For the first time in three years, hard rains have fallen, making lawns and shrubs grow like mad.
According to rainfall figures provided by the Southwest Florida Water Management District, this is a better than average Florida rainy season.
The rainfall amount for June in Citrus was 8.43 inches, compared with a normal rainfall amount of 7.27 inches.
In July, Citrus had a whopping 10.67 inches of rain, compared with a normal average of 7.89 inches. Already this month, about 1.5 inches of rain has fallen, and a normal rainfall amount for August is 7.49 inches.
You won't find too many people grumbling about the rain, even those whose jobs require them to work outdoors full time. After all, if you work outdoors in Florida, notwithstanding the occasional drought, dealing with downpours becomes commonplace.
Workers building houses and cutting lawns try to work through rains, or take a short break until the heavy stuff slackens, then go back to work. The main problem is keeping up with a time schedule.
"It keeps us busy, that's the bottom line," said Kevin Kaiser, owner of Greenside Lawns and Landscaping of Inverness.
Kaiser said the rainy season also means an active growth rate, making him and his assistant work harder.
"We don't really have an option because it never stops," Kaiser said. "Getting way behind, though, is the worst possible scenario."

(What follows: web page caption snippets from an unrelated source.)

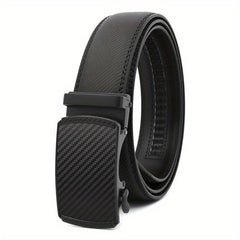 Men's Carbon Fiber Pattern Automatic Leather Belt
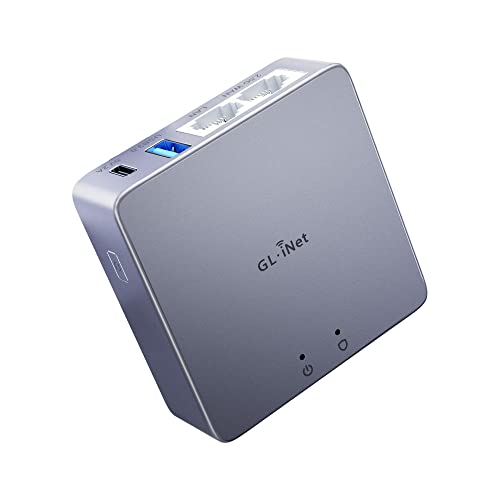 GL.iNet MT2500A (Brume 2) Mini VPN Gateway برای دفتر خانه و Remote Work-VPN Server & Client برای خانه و اداره، VPN Cascading، امنیت اینترنت، 2.5G WAN، بدون Wi-Fi* (قاب آلیاژ آلومینیوم)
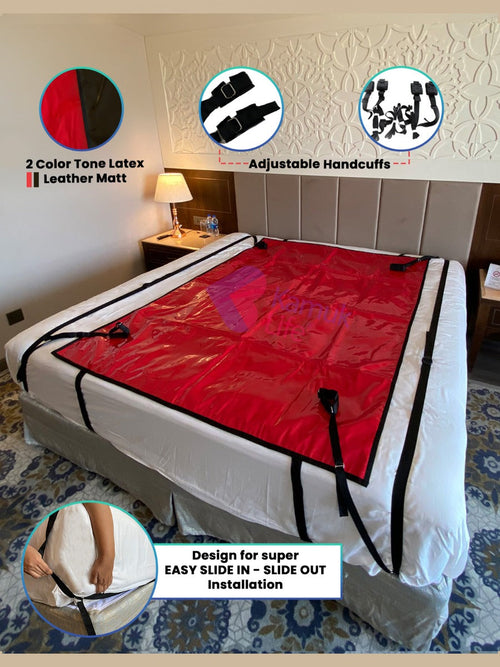 Exotic Red Latex Bed Spread With Restraints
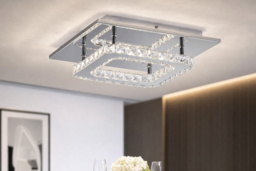 Square Crystal Ceiling Light with Chrome Finish - thumbnail 6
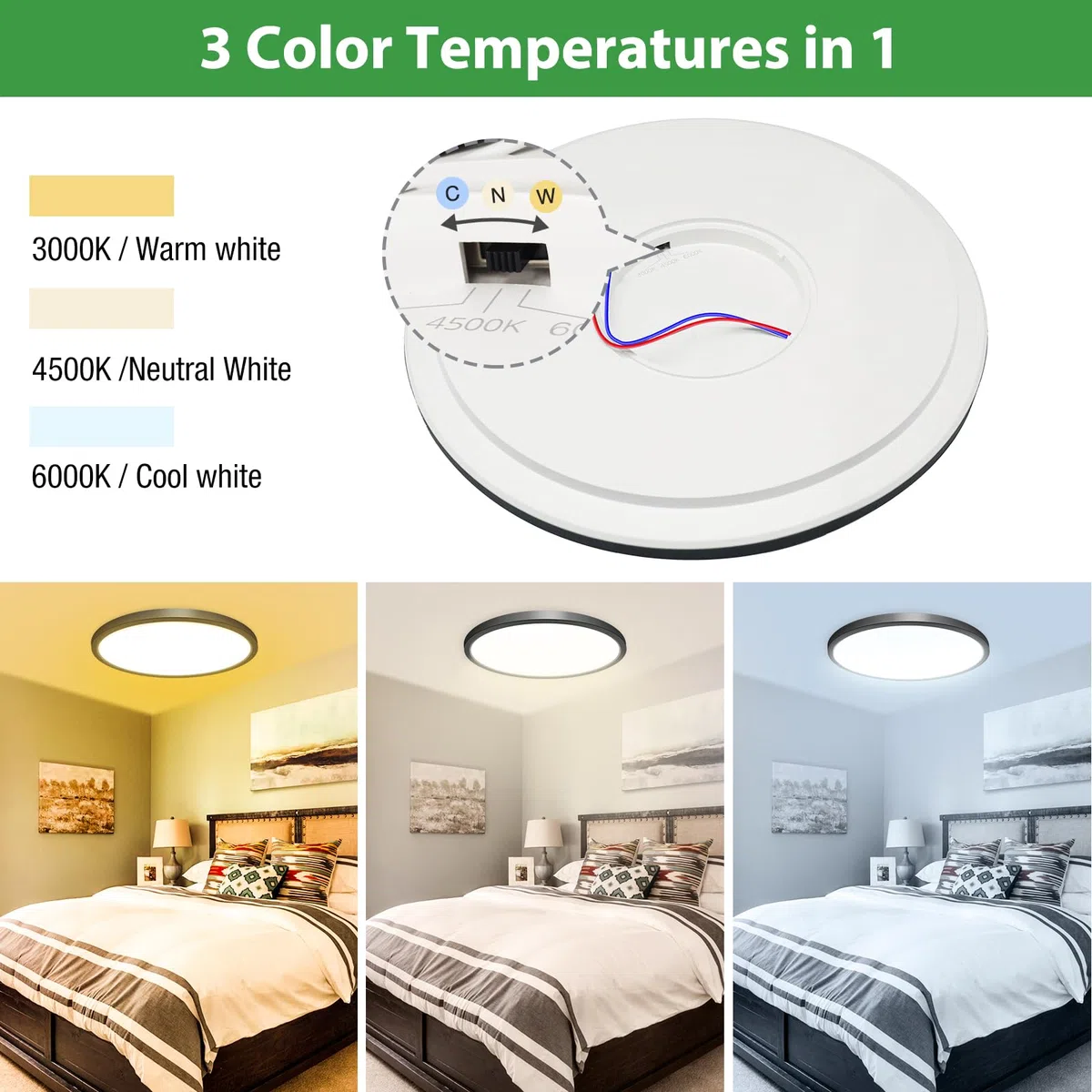 24W Plafoniera LED Soffitto [2 Pezzi], 2100LM Plafoniera 3 Colori 3000K/4500K/6000K Sottile Lampada da Soffitto Ø22cm Luce Calda Naturale Fredda IP44 per Bagno Soggiorno Camera da Letto Cucina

Kaiser said it's a common practice for him to work right through most rains. Only the darkest of thunderstorms and lightning will cause him to turn off his mower and wait in the truck.
"We'll mow in the rain. What we do is raise the mower deck an inch or so," he said. "Then we come back next time and do a closer trim."
Another landscaper and lawn care business owner, who operates 13 crews, says dodging raindrops is not new for him.
"The rain has promoted a higher quality of grass, which grows denser and faster," said Bob Munro of Munro's Landscaping in Homosassa.
"If it rains in the morning, we'll wait it out. If it's too bad, all you can really do is put it off until the next day, but then the backlog begins," he said.
Even with this healthy rainy season, the drought continues, based on measurements of the underground water table. Even though most of the lakes are looking healthier, it's a different story beneath the limestone.
The aquifer level is 1.93 feet below the very bottom of the normal range of readings as of July 31, according to Swiftmud. In other words, the aquifer would have to rise 1.93 feet to enter the very lowest of the normal readings. The aquifer would need to rise an additional 2 feet (in addition to the 1.93) to reach the middle of the normal range.
These aquifer recovery readings date to May 31, 2000. They have never entered the normal range during this time period. The closest the aquifer in Citrus got to the bottom normal range was 0.97 feet in September 2000.